The decline of salmon and steelhead in the Columbia River Basin is a central concern to natural resource management in the Pacific Northwest. The region’s efforts to reverse the decline are structured around two statutory recovery programs. The first of these is the Columbia Basin Fish and Wildlife Program of the Northwest Power Planning Council (the Council). The second statutory program is the proposed plan for recovery of populations of salmon in the Snake River that are listed under the federal Endangered Species Act. This program is directed by the National Marine Fisheries Service.
In addition, the four Indian tribes with treaty fishing rights in the Columbia River Basin have developed their own recovery plan, coordinated through the Columbia River Intertribal Fish Commission. The tribal plan has a significant influence on the substance and implementation of the other two programs.
Each of the recovery plans provides a piece of the puzzle that is restoration of the Columbia River ecosystem. Delisting of Snake River chinook is a subset of a larger problem of restoring Columbia River salmon, in general, which in turn is closely related to the restoration of wildlife, resident fish, other animal and plant species and the ecosystem as a whole. While each plan may address different aspects of a larger problem, it is clear that considering the goals and strategies of each plan sequentially or in isolation will not be as effective as a comprehensive integration of their common goals and strategies. A recovery program that addresses regional goals will require a coordinated approach that focuses on the underlying changes in the ecosystem that have occurred during this century.

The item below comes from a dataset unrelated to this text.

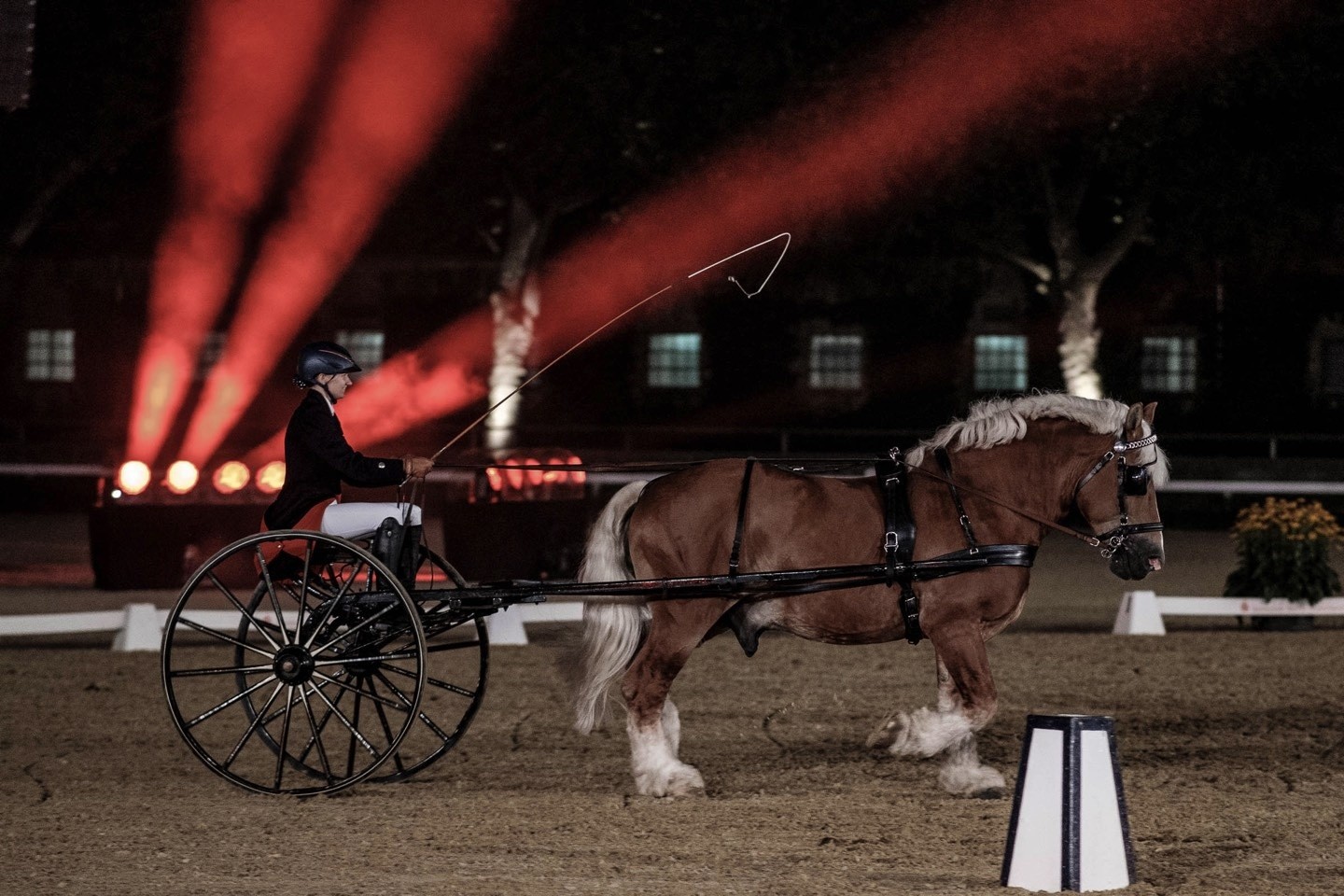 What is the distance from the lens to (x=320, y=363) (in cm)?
753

This paper describes the elements and structure of a common, scientifically based framework for regional fish and wildlife recovery in the Columbia River Basin. The framework is intended to embrace and unite the goals and mandates of the three plans and other regionally identified goals as well. While important, a framework is simply a structure or scaffolding around which to build a regional plan; it is not itself a regional plan. Development of the substance of a regional recovery effort will require a concerted effort to resolve long-standing policy and scientific issues.